The research team administered questionnaires and held individual and group interviews with nearly 400 top, middle, and line managers, and personnel officers, specialists, and assistants in four federal agencies. The objective was to capture the perceptions of both personnelists and their customers, the managers, about the delivery of personnel services, across a wide range of organizational environments.

Conflicting Roles

Personnelists believed they were expected to perform two conflicting roles; enforcing rules for the Office of Personnel Management (OPM), and assisting agency managers with their human resource needs in order to accomplish the mission of the agency. Flowing from this conflict were issues such as the complexity of the rules and procedures, and the capabilities of the personnel staff to effectively administer the system and meet the needs of the managers. Federal managers identified these issues as the most troublesome aspects of the delivery of quality service by their personnel offices. The study found that the system imposed on federal personnel offices and managers is antiquated, huge, unwieldy, rigid, and complex, and in need of drastic change. Top levels of management need to debate roles of the personnel office and resolve this conflict. Also essential is either massive delegation of authority to the managers with a corresponding shrinkage of the rules, or additional people in the personnel office to operate the present system. And in either case, personnelists need to have their professional skills improved, and managers need to have their supervisory skills improved, through more aggressive training.

Performance Indicators

Finding data about delivery of personnel service presented a problem. Efforts to measure the effectiveness of the personnel office traditionally have been compliance-oriented, not service-oriented, although some agencies supplement such efforts with customer satisfaction surveys and other techniques. Compliance-oriented evaluators typically inspect records and review statistics to determine how well the office is performing compared with the norms and regulatory and procedural requirements set forth by the agency and by OPM. And such evaluation methods tend to motivate personnelists to focus on keeping complete and correct records rather than on providing responsive service to managers. As a result, personnel resources may be directed more toward operating administrative processes, enforcing the rules, and completing documents, and less toward helping managers accomplish their agencies' missions.

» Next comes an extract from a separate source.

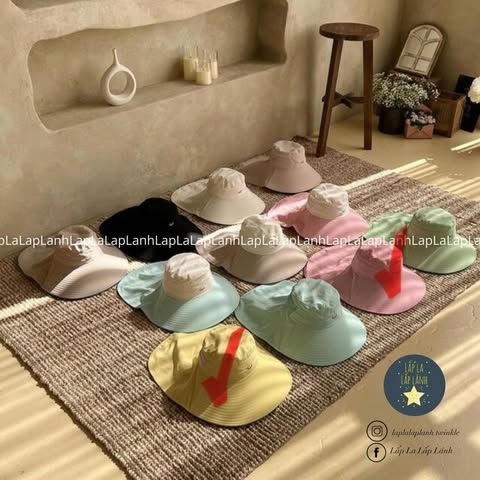 ECLL Nón rộng vành Pink vòng đầu 52-54cm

Delivery of Service to Managers

On our study questionnaire, fewer than two thirds of the managers gave positive responses regarding the quality of personnel services overall. Most gave high marks to the personnel staff for treating them courteously, but only half gave positive responses for timely and efficient service. Fewer than three fourths responded that personnelists gave accurate answers, about the same percentage who responded that personnelists provided a wide scope of personnel service and kept employees informed.

When managers were asked to rate personnel service in specific functional areas, their positive responses dropped substantially. Personnel service in recruiting received the lowest rating, with only about one-third of those surveyed giving it a positive rating. Position classification, training, and employee relations received positive responses from just over half of the managers. Labor relations fared the best, with almost two-thirds of the managers giving positive responses. It is significant that the personnel specialists, when asked to rate their performance in the same five functional areas, believed that their service was much better than the managers believed; positive responses were much higher across the board, ranging from 14 percentage points to 42 percentage points higher than the managers' responses. This difference in perception is consistent with the conflicting beliefs about the proper role of the personnel office, discussed earlier. If personnelists believe their primary role is enforcing the rules and maintaining flawless records for the evaluators, they may very well see themselves as doing an excellent job. But their customers, the managers, are expecting them to perform a different role--i.e., helping managers get their jobs done and achieving agency goals. Because of these differences in expectations, managers view personnel staff much less positively.

Causes of Difficulties

In response to our question posing four possible causes of any difficulties they might experience in getting good personnel service, three-fourths of the managers said that the complexity and rigidity of federal personnel rules is a cause. Over two-thirds said that the personnel staff's excessive concern with compliance and a lack of sufficient staff in the personnel office are causes of difficulties. Over half the managers said the personnel staff lack sufficient skill; i.e, they aren't knowledgeable in the details of the system or are too process-oriented and not mission-oriented. In addition to these four possible causes, managers offered several of their own. One was that the personnelists are preoccupied with giving good service to top managers and can't devote the necessary time and attention to the needs of the line and middle managers. Another was that the managers themselves are not trained sufficiently in their supervisory responsibilities. Also, the leadership of the personnel organization is very uneven in quality, and the burdensome processes of personnel work should be further automated.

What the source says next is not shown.